Rosyjski samolot pasażerski Airbus A-321 z ponad 200 osobami na pokładzie rozbił się dziś rano na Półwyspie Synaj. Informację potwierdziło biuro premiera Egiptu Sherifa Ismaila.
W mediach od rana pojawiały się sprzeczne informacje na temat losy rosyjskiego samolotu pasażerskiego, z którym straciła kontakt egipska kontrola lotów. Część mediów, m.in. Sky News Arabia podało, że samolot rozbił się, inne z kolei, cytując egipskich kontrolerów, podawały informację, że załoga samolotu nawiązała kontakt z Turcją i „bezpiecznie” przeleciała nad Egiptem. Rosyjskie media podawały, że maszyna zniknęła z radarów nad Egiptem.
Ostatecznie wszelkie spekulacje ucięło biuro szefa egipskiego rządu i oficjalnie potwierdziło katastrofę. „Rosyjski samolot cywilny (…) rozbił się na środkowym Synaju” – poinformowano w oświadczeniu. Egipski rząd powołał komisję, która ma zając się tą sprawą.

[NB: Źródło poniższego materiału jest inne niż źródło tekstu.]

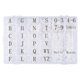 thumbnail image 2 of Letras Veskaoty 3/4" 715 piezas con bandeja, 2 of 7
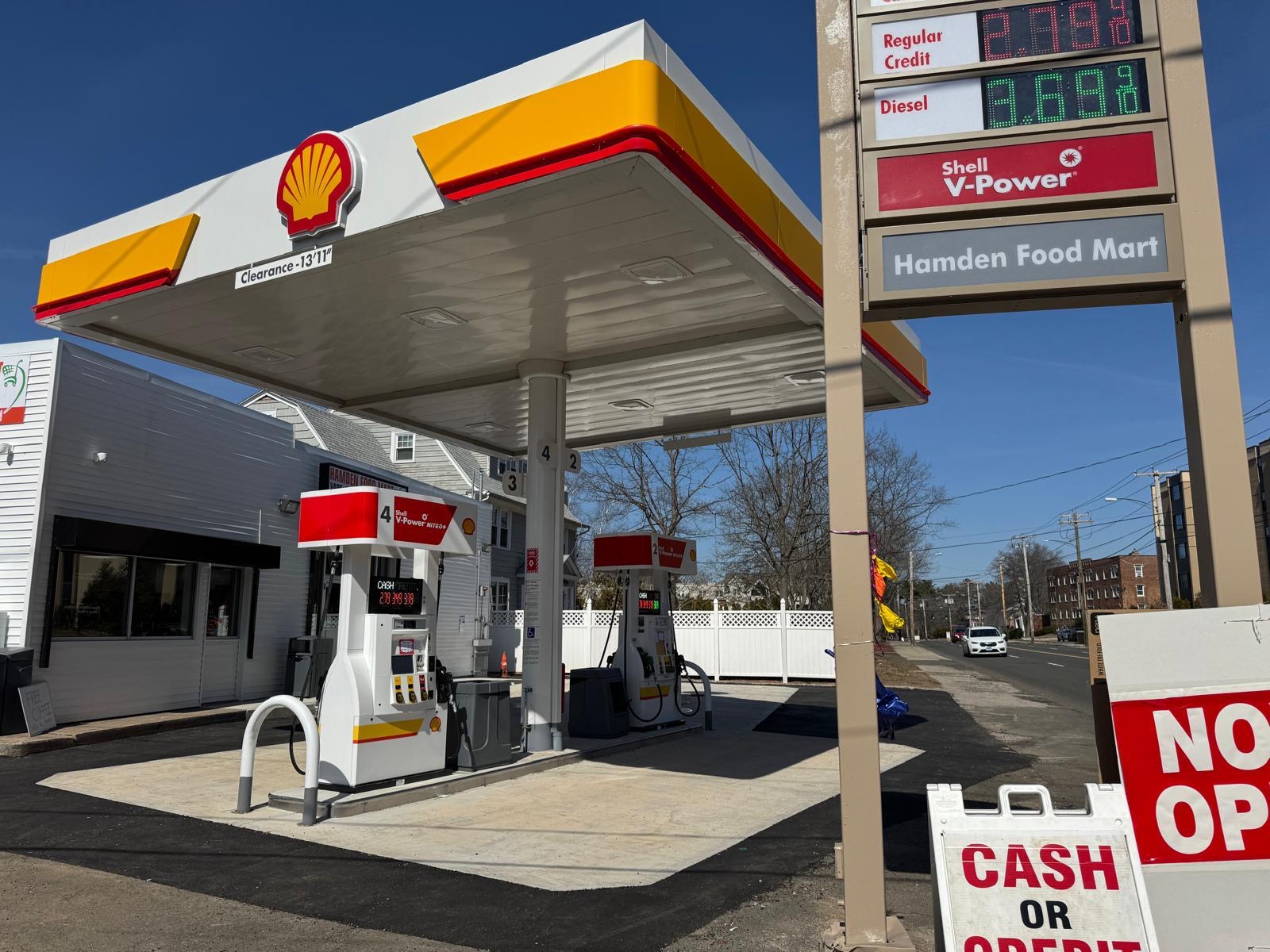 Hamden Food Mart - Shell Gas Station Hamden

Egipscy kontrolerzy utracili kontakt z maszyną wkrótce po starcie z popularnego ośrodka turystycznego Sharm el-Sheikh. Samolot należał do rosyjskich linii lotniczych Kogałymawia / Metro Jet i leciał do Sankt Petersburga. Na pokładzie było 217 pasażerów i 7 członków załogi.

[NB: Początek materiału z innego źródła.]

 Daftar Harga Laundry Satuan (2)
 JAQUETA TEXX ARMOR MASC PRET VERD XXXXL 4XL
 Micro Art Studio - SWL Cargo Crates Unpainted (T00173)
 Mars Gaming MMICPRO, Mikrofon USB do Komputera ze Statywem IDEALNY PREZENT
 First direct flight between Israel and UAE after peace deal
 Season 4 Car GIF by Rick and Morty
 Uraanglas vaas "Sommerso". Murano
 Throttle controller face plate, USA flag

Jak poinformowała agencja DPA, egipska ekipa ratunkowa odnalazła szczątki samolotu. Według lokalnych mediów nikt nie przeżył katastrofy. Al Arabiya, powołując się na źródła w służbach bezpieczeństwa Egiptu twierdzi, że nic nie wskazuje, by samolot został zestrzelony.

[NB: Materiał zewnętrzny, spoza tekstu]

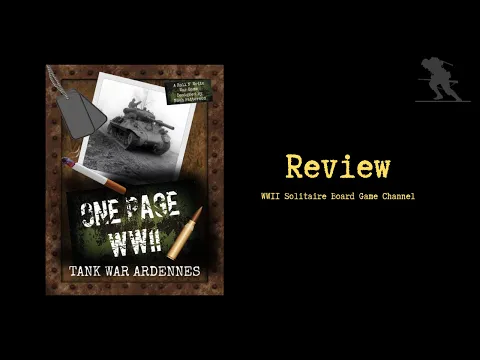 One Page WWII: Tank War Ardennes - Review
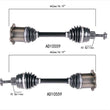 Front Left & Right CV Axles for 09-11 Audi A4 Quattro 4Dr Sedan 2.0L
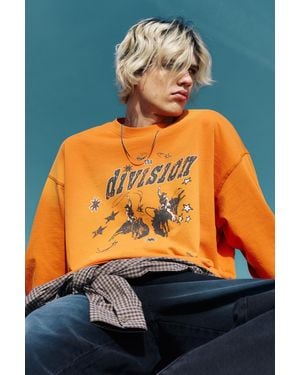 Pull&Bear Stwd Long Sleeve T-Shirt - Orange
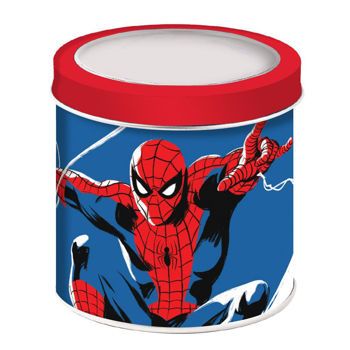 Picture of Spiderman Ρολόϊ Χειρός Σιλικόνης Αναλογικό Με Μεταλλικό Κουτί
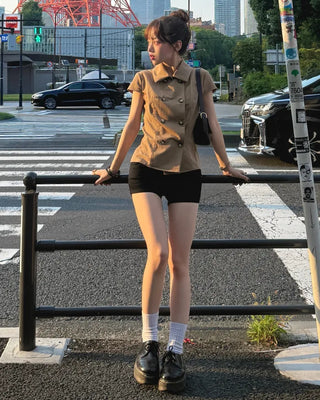 Slim-fit shorts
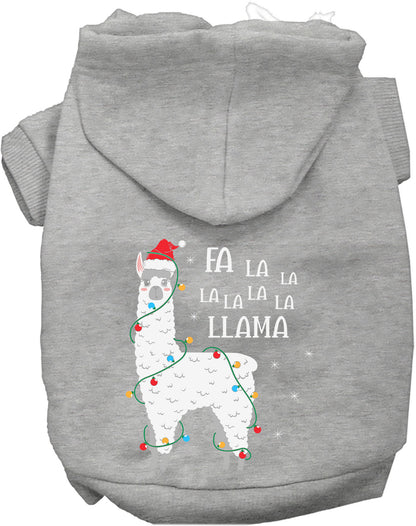 Falalala Llama Pet Hoodie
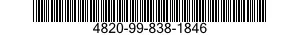 4820-99-838-1846 VALVE,PLUG 4820998381846 998381846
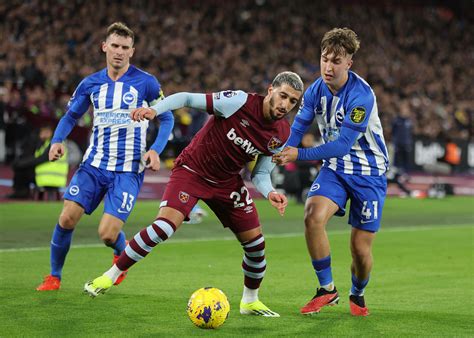 Premier League: West Ham-Brighton Stalemate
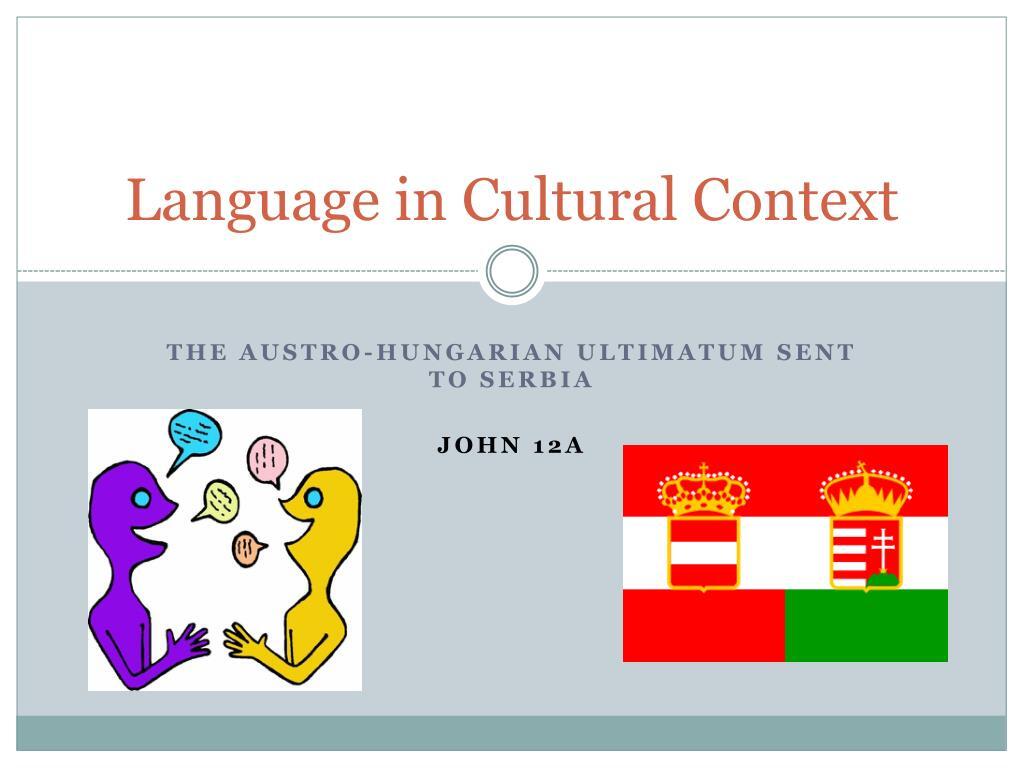 PPT - Language in Cultural Context PowerPoint Presentation, free ... PPT - Language in Cultural Context PowerPoint Presentation, free ...
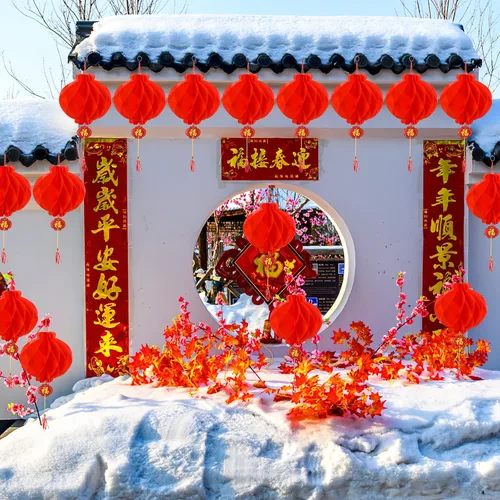 Miniatura 5 de 60 linternas chinas rojas para decoración de Año Nuevo, festival de primavera, boda, restaurante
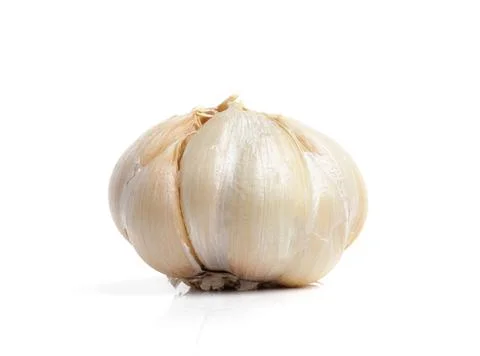 Garlic Isolated on white background Stock Photos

Serwis FlightRadar24 poinformował na Twitterze, że tuż przed utratą kontaktu rosyjski samolot opadał z szybkością ponad 1800 metrów na minutę. Z kolei rosyjska stacja LifeNews podała infomrację, że załoga samolotu zwracała się z prośbą o zgodę na awaryjne lądowanie w Kairze. Wszyscy pasażerowie byli Rosjanami.
Aljazeera.com / Reuters / presstv.ir / rt.com / twitter.com/ Kresy.pl
Skoro samolot w jednym kawalku opadal z szybkoscia 30m/sek to wskazuje ze musiala nastapic jakas awaria silnikow i raczej trzeba wykluczyc zestrzelenie. Informacja o szybkosci opadania musi byc sprawdzona i potwierdzona jej prawdziwosc poniewaz samolot lecial stosunkowo blisko terenow Izraela. Wiadomosc, ze egipscy kontrolerzy utracili lacznosc z samolotem tuz po starcie, nie wydaje sie prawdopodobna.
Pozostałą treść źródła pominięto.